This Spaghetti Squash with Sun-Dried Tomato Basil Pesto is a healthy and satisfying meal! It is perfect if you want to cut down on carbs.
Healthy and Satisfying
It seems that every year around March or so, I start to crave healthier foods. I usually crave fresh fruits and vegetables in the form of salads and juices. It’s not like I have been eating unhealthy the last few months, but it’s this time of year that I like to detox and drink fresh juice.
It is time to do a Spring cleaning from the inside out and reset myself with some healthier habits.
Instead of making pasta today, like I might have a few months back, I decided to make Spaghetti Squash with Sun-Dried Tomato Basil Pesto. It feels like you are indulging, but you are really eating a super healthy dish.
Anytime that I can swap out an ingredient for a healthier one, I am all in. Spaghetti Squash is perfect for just that. It works well in place of pasta dishes, which means that you are eating less carbs and more veggies, which is a win-win in my book.
When I don’t have spaghetti squash I like to use shirataki noodles.
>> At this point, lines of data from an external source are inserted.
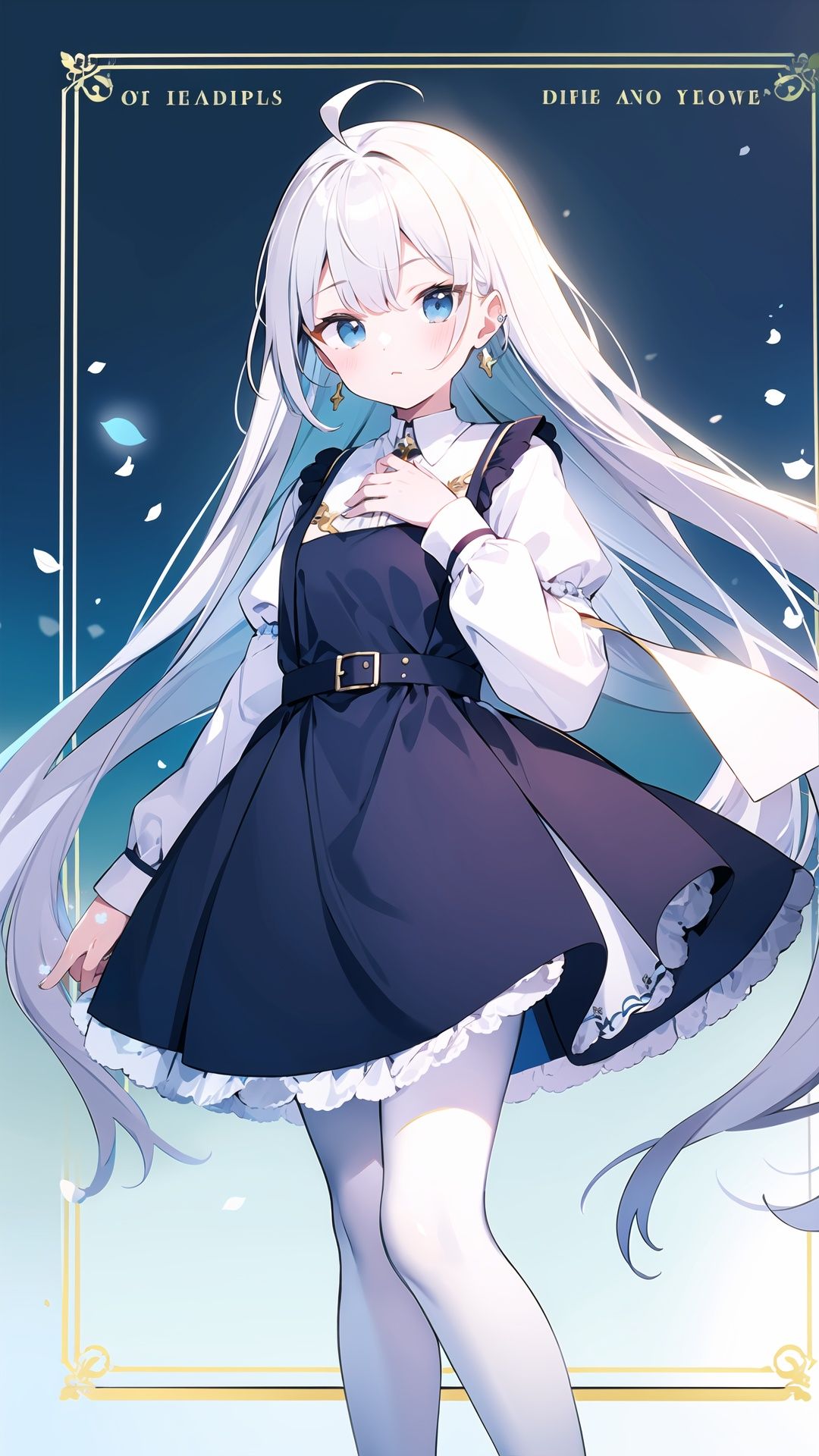 1girl, solo, blue eyes, white flower, long hair, flower, dress, white rose, white hair, long sleeves, looking at viewer, nun, ahoge, rose, bangs, pantyhose, white pantyhose, hand on own chest, jewelry, belt, apron, black dress, blue dress, habit, puffy sleeves, standing, closed mouth, cross, earrings, juliet sleeves, white apron, english text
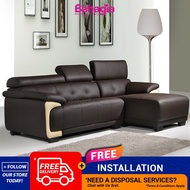 Sofa Kulit🔥 BAHAGIA Casa Leather Scott L Shape  Sofa Grey / Dark Brown Colour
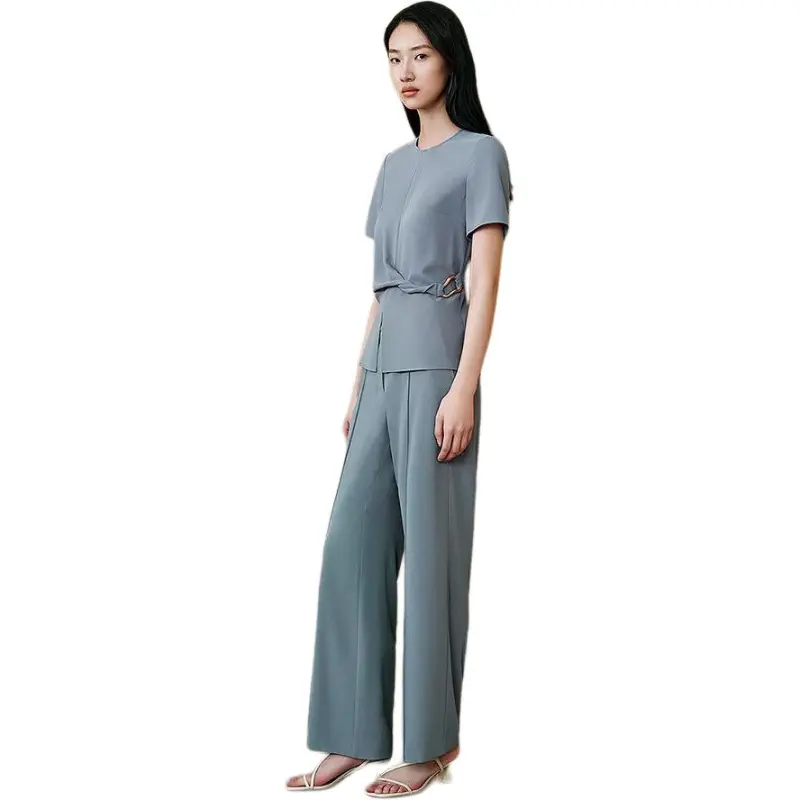 INSUN Casual Pants Women's Slate Blue-3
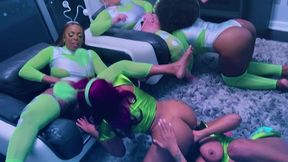 hottest intergalactic lesbian fivesome candace von, jordyn falls, lyric sky, mz. dani, and yum the boss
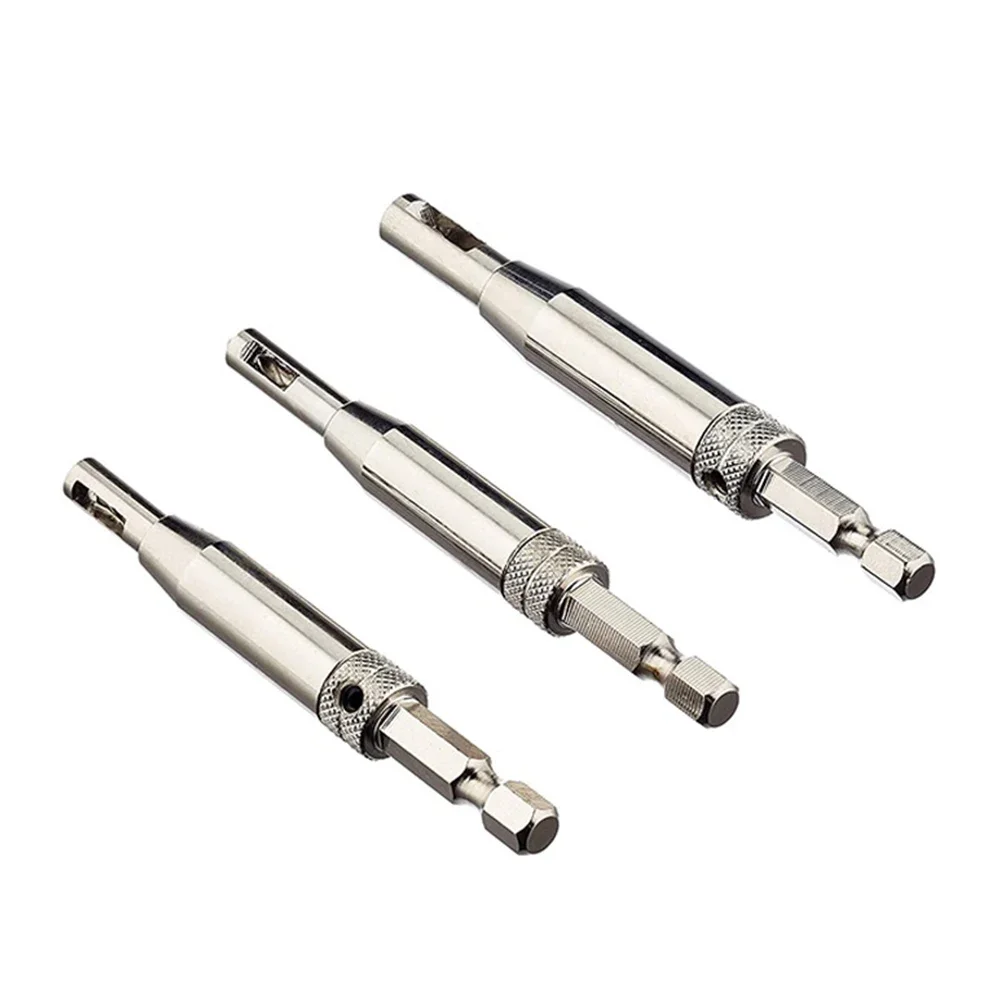 3pcs Self Centering Hinge Drill Bits Door Window Cabinet Woodworking Hole Puncher Wood Reaming Tools Countersink Drill Bits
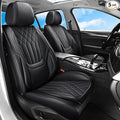 GEZHOUBA Full Coverage Car Seat Covers Full Set Waterproof, Luxury Leather Automotive Seat Covers Car Seat Protector, Front & Rear Seats Cover Sets Universal Fit for Most Vehicles Sedans SUVs, Black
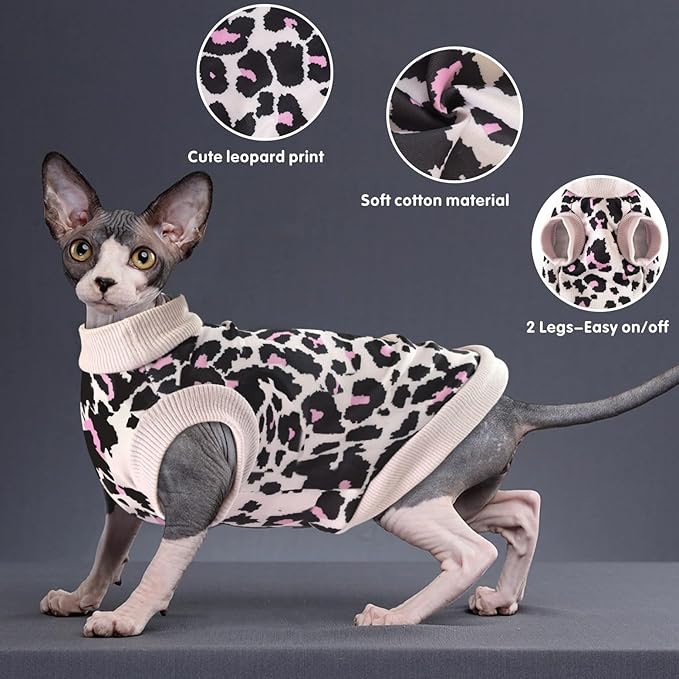 Idepet Cat Clothes Kitten Sweater Soft Kitten Shirt Cute Leopard Print Kitty Vest Pullover Pajamas Jumpsuit Cotton Apparel for Hairless Cats & Puppy (Pink,XL)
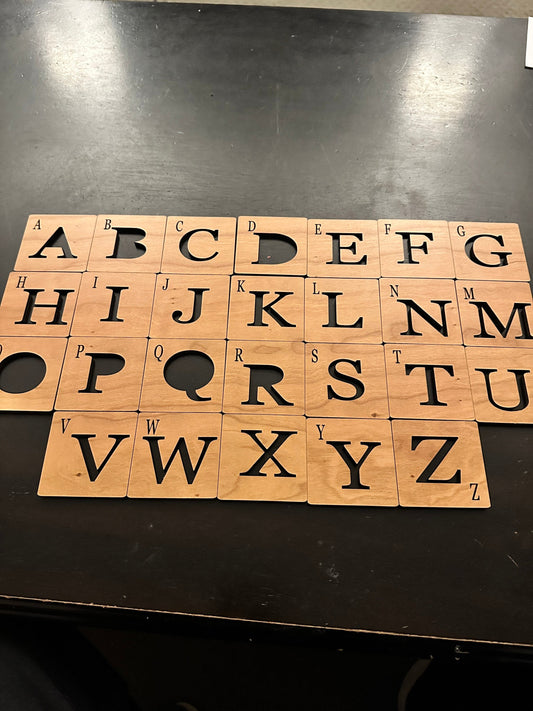 Real Thick wood Flash Cards Alphabet  - Professional Quality Custom Laser Cut Name Plate or badge.  Real wood!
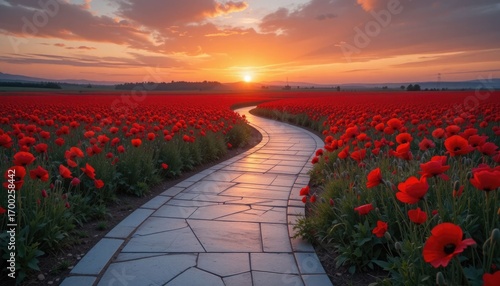 At sunset, a lighted marble path winds through a field of vibrant red poppies.
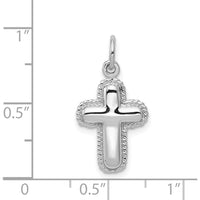 14K White Gold Polished Cross Pendant with Beaded Texture by Oro Pregiato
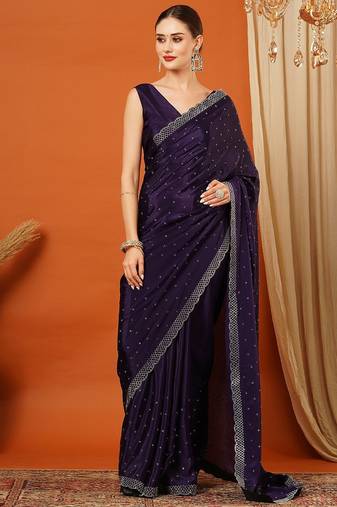 Purple pure silk woven zari work saree with blouse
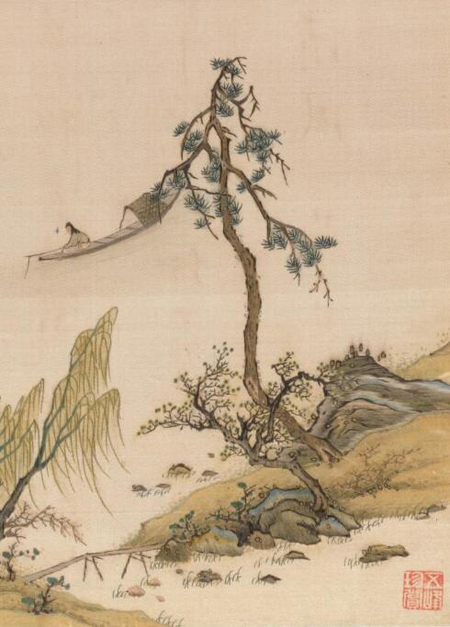 韩希孟顾绣名作《花溪渔隐图》 历代国画 第2张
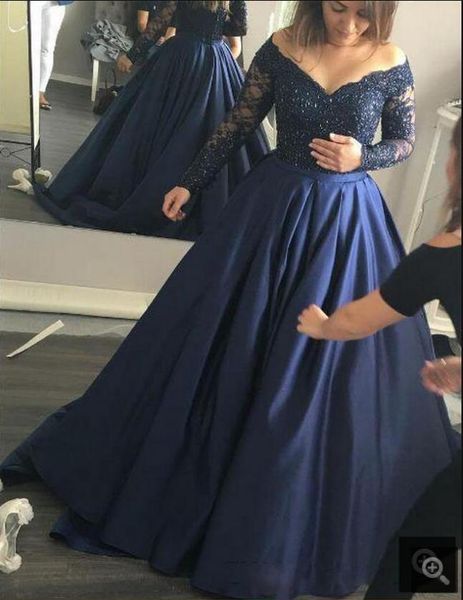 2019 new arrival dark navy blue ball gown long sleeve prom dress lace beading v neck off the shoulder corset prom dresses on sale, Black
2019 new arrival dark navy blue ball gown long sleeve prom dress lace beading v neck off the shoulder corset prom dresses on sale, Black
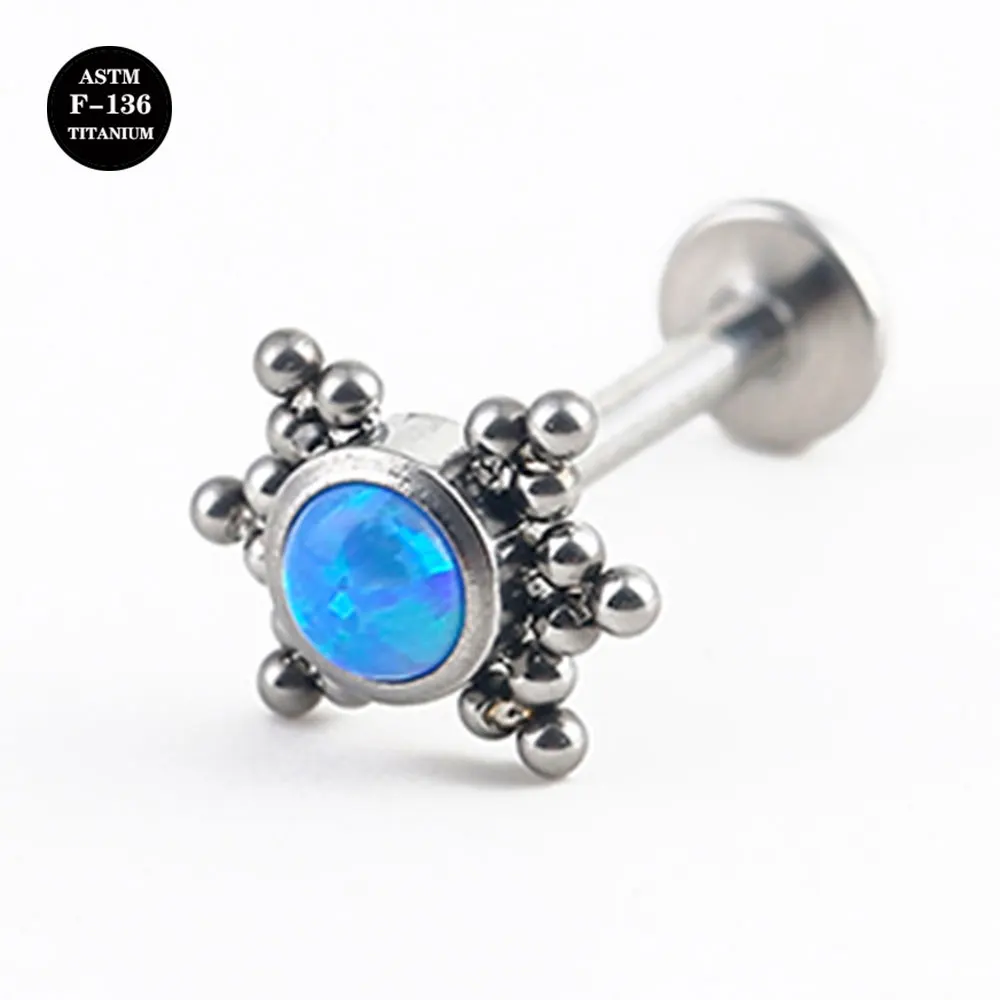 16G Implant Grade Titanium ASTM F136 Internal Thread Screw Opal CZ Gem Labret Cartilage Helix Ear Tongue Piercing Body Jewelry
They are made from yam flour, with some products containing tofu as well. They are very low in carbs and calories.
They don’t have a lot of nutrients like spaghetti squash, but they aren’t loaded with carbs like pasta, so they make a great healthy swap.
Why is it Green?
This Sun-Dried Tomato Basil Pesto gets its green color from basil and spinach, so it is packed with nutrients. Yes, there really are sun-dried tomatoes in there!
I was able to keep a basil plant alive for many months, even with my black thumb. It wasn’t until it got cold that I had to say farewell to it. I made many pesto dishes with it, and it more than paid for itself quickly.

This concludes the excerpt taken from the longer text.